【薬剤師に聞いた!】ママが知りたい「薬と相性の悪いNG食べ物」と薬の疑問あれこれ3つ
秋から冬にかけて寒くなるにつれ、風邪やインフルエンザなどの病気に罹ることが多くなりますよね。そして子どもや自分が病気をしたときにちょっと戸惑うのが、薬の飲ませ方・飲み方ではないでしょうか?
薬をそのまま子どもに与えても、飲んでくれなかったり、吐いてしまったり……。食べ物などに混ぜているママも多いと思いますが、混ぜても大丈夫かどうか相性が気になるものもあります。
また、授乳中のママは、母乳への影響も心配だと思います。
そこで今日は、子育てママの薬の疑問あれこれ3つについて薬剤師で1歳と5歳のお子さんをお持ちのパパである水八寿裕さんに聞いてきましたので、ご紹介します。

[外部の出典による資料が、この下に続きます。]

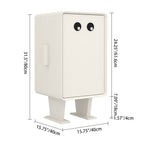 Lumendat Contemporary Creative Kids Robot Square Tabletop Medium Fiberboard Nightstand 2-Cabinet For Bedroom Lumendat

■質問1:「粉薬を嫌がる子ども、アイスクリームなどに混ぜて与えるのはダメですか?」
お薬と食べ物の相性には、良い悪いがあります。
たとえばこれからの季節はインフルエンザに罹るお子さんも多くなってきますが、インフルエンザの薬である“タミフルドライシロップ”は、同じアイスでもチョコはOKですが、バニラはちょっとNGです。チョコは薬の苦味がほとんど消えますが、バニラだと苦味が増してしまうからです。
薬の苦味が増すような食品と一緒に与えてしまうと、薬だけでなくその食品までも嫌いになって食べなくなってしまうという可能性がとても高くなります。
なので、食べ物に混ぜるという作戦は100%ではありません。
一番無難なのが市販の服薬支援ゼリーで、ほとんどの薬はカバーできますから、粉薬を飲んでくれない場合は試してみてください。
■質問2:「咳がひどくて貼り薬を処方されました。胸だと子どもが自分で剥がしたり、口に入れないか心配なのですが……?」
寒さが増してくると、咳で苦しむお子さんが多くなってきますが、日本では“ツロブテロールテープ剤”という気管支を広げる貼り薬があり、冬場はよく処方されます。
こちらの薬、胸に貼るというご家庭は多いと思いますが、それだと子どもが自分で剥がしたり口に入れてしまうということは確かによくあります。
実はこの薬は、上半身でしたらどこに貼ってもほぼ同じ効果が期待できます。実際、水さんはこのテープをお子さんの背中に貼られているそうです。
ほとんどのお子さんはこの方法で対応できるかと思います。何日間か使う場合が多いので、少しずつ場所を変えて貼るなどでして、かぶれないように注意をしましょう。
■質問3:「風邪をひいてしまい、近くの内科を受診。先生には授乳中と言わなかったけど、処方された薬は飲んで大丈夫?」
これもよくあるパターンですね。院外処方せんの場合は薬局でチェックがかかるので、薬によっては「授乳中だったらちょっと処方医に確認しましょう」ということになるケースがあります。
一番無難な方法は、服薬期間は粉ミルクにすること。しかし、「粉ミルクだと子どもが飲んでくれない!」という場合も少なくないと思います。
ちょっと気の利いた薬剤師だと、
・M/P比 薬物の母乳濃度と母体の薬物血中濃度の比
・RID 相対的乳児投与量
という数式から算出された値を参考に、できる限り授乳を続けられるよう薬の処方や飲み方を指導してくれますから、相談されるといいでしょう。薬によってはそんなに気にしなくても良い場合もあります。
気になるときは『授乳中の薬の影響 国立成育医療研究センター』のHPが参考になります。情報の確認後は必ず専門家に相談しましょう。持病などで薬を飲み続けているような方は、おくすり相談を積極的にされることをおすすめします。
いかかでしょうか?
小さい子どもがいると薬に関してはいろいろと神経を使いますが、「良い情報は周りのママ友の方と共有しましょう」と水さんがおっしゃるように、気になることは近くの薬剤師さんに聞いたり良い情報をママ友と共有して、ひとりで抱え込まないようにしていきましょう。